That freedom is what opened the door to comedy. Dry, observational humour is really just the distilled version of this, the truth behind the thought. Instead of waiting for something to unfold, you can shape the rhythm, sharpen the beats, and let what’s unsaid carry the emotion.
The fourth wall became the perfect bridge between those worlds. It allowed the character to speak directly to the audience with the same honesty I look for in real people. She can explain herself in dialogue, but she can also just glance at us and reveal something messy, impulsive, or half-formed. Those moments set the tone and make the comedy feel rooted in her interior life, not just in punchlines.
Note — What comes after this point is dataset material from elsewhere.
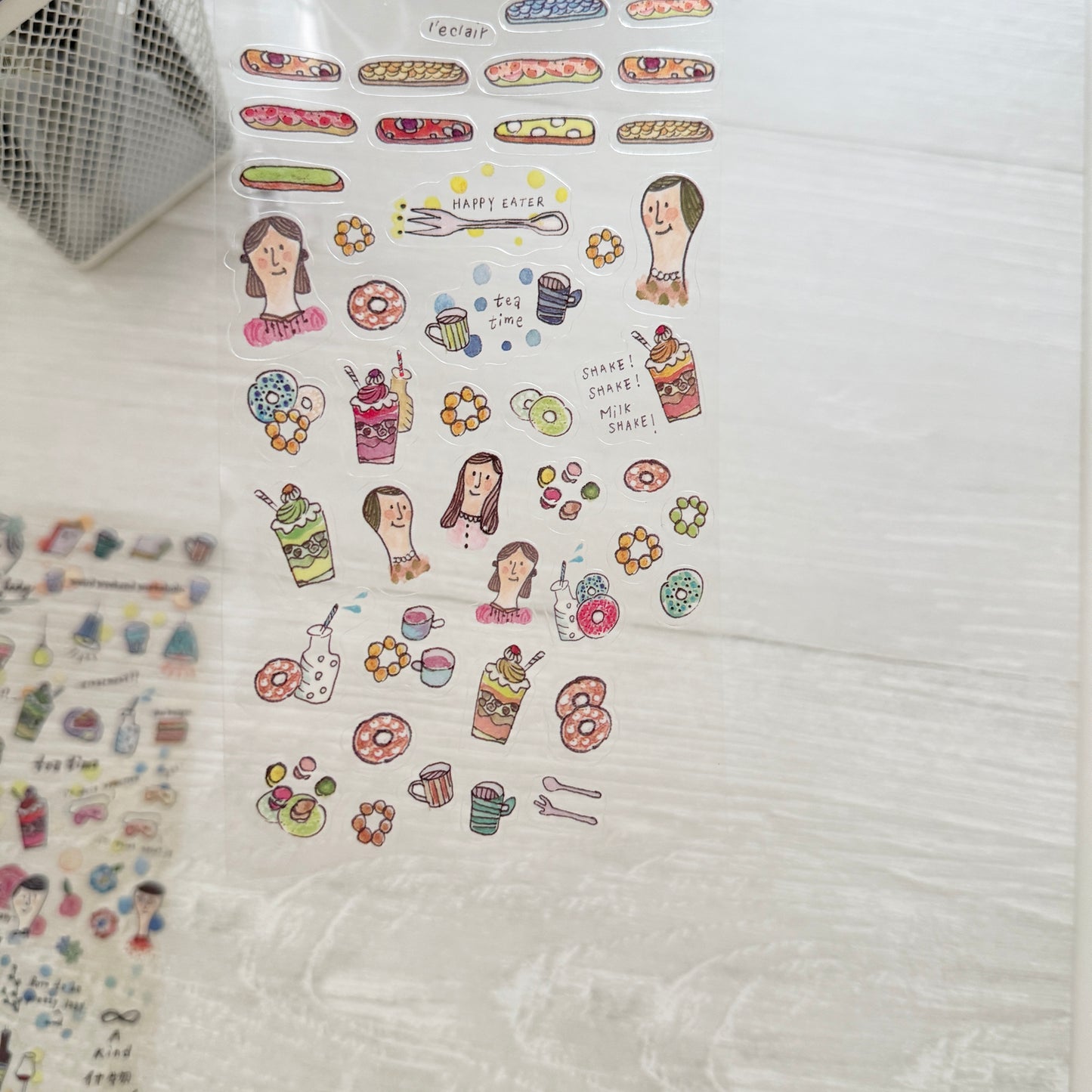 A Kind of Café My Office Lady Clear Die-Cut Sticker Pack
The humour also felt right for the setting. House-sharing at that age is naturally funny: there are boundaries, loyalties, awkward timings and tiny domestic irritations that only matter because you care about the people involved. The fourth wall lets the audience become her confidant in all of that emotional negotiation, creating pace without losing authenticity.
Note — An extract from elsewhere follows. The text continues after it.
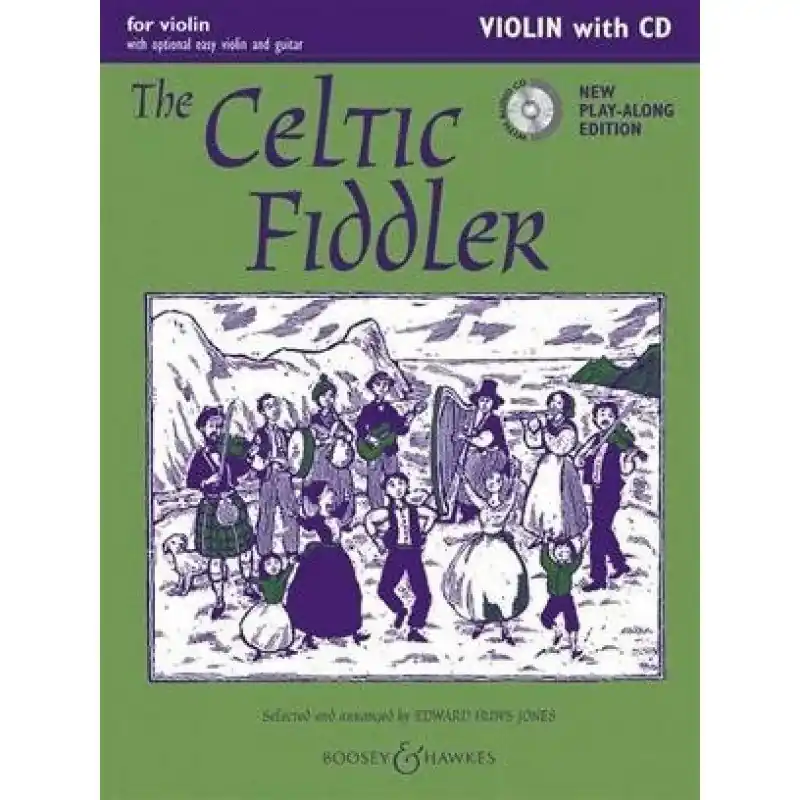 Boosey and Hawkes  Celtic Fiddler Edward Huws Jones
Coral> The one-day shoot shaped everything -- writing, blocking, shotlist, performance.
I designed the scenes so as much of the story as possible happened within single setups. You can see this especially in the dinner scene, where the reveal of the couple, the tension, and the housemate’s internal reaction all play out through whip pans and minimal movement. This came from necessity, but it actually created a really defined visual pace.
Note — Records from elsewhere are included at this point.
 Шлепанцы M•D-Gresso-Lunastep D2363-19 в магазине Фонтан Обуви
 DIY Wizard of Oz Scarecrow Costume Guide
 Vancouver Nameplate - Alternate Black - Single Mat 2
Because we didn’t have time for endless coverage or B-roll, the performances had to carry the heart and the humour. We protected time for that above anything else. Working closely with my DP, we planned shots that could hold multiple emotional beats, so we could keep the pace without sacrificing clarity or nuance. We prioritised anything that revealed relationship dynamics; everything else became secondary.
In a strange way, the constraint made the film sharper. It forced us into creative efficiency, and that ended up supporting the style of comedy we wanted.

Coral> I needed someone who could balance humour with real emotional transparency. The narrator could easily become too annoyed or cynical, but the story only works if we still love her, if we feel like we’re experiencing the shift with her.
The moment Chloe walked in, she had that quality. She brought this wonderfully human, relatable charm to the character, sharp but warm, funny without pushing for jokes. She made the character feel like someone we’ve all known or been at some point in our twenties.
What impressed me most was how she let the audience in. She has this instinctive ability to communicate a thought mid-blink. It elevates the fourth-wall moments and makes them feel honest rather than performative. She gave the character so much more vulnerability and nuance than I even wrote on the page, she carried it beautifully.
Coral> Once I committed to a house-share world, comedy felt like the most truthful way to share the story. Shared living is full of tiny emotional negotiations: the toothbrush, the mug, the records. They aren’t dramatic events, but they’re rich with humour.
For me, comedy isn’t about the punchlines, it’s about honesty. It’s about recognising yourself in someone’s awkwardness or quiet frustration. That felt right for Habitat too. Their brand has a warmth and relatability to it that doesn't feel glossy or unattainable. So the humour needed to match that: it needed to be warm, observational and rooted in real emotion. It all needed to feel cohesive with Habitat’s aesthetic.

Coral> Absolutely. We always knew the film would live on platforms where people scroll quickly, so visual clarity mattered. Every frame needed to communicate tone and character within a couple of seconds.
We leaned into colour, texture, and strong composition to ensure each moment could stand alone as an image or a short loop. The hero shot of the chair, for example, was designed not just as a narrative turning point but as a quiet, loopable visual in its own right.
Essentially, we designed a film that works as a whole but also as a series of micro-moments, each with its own emotional clarity.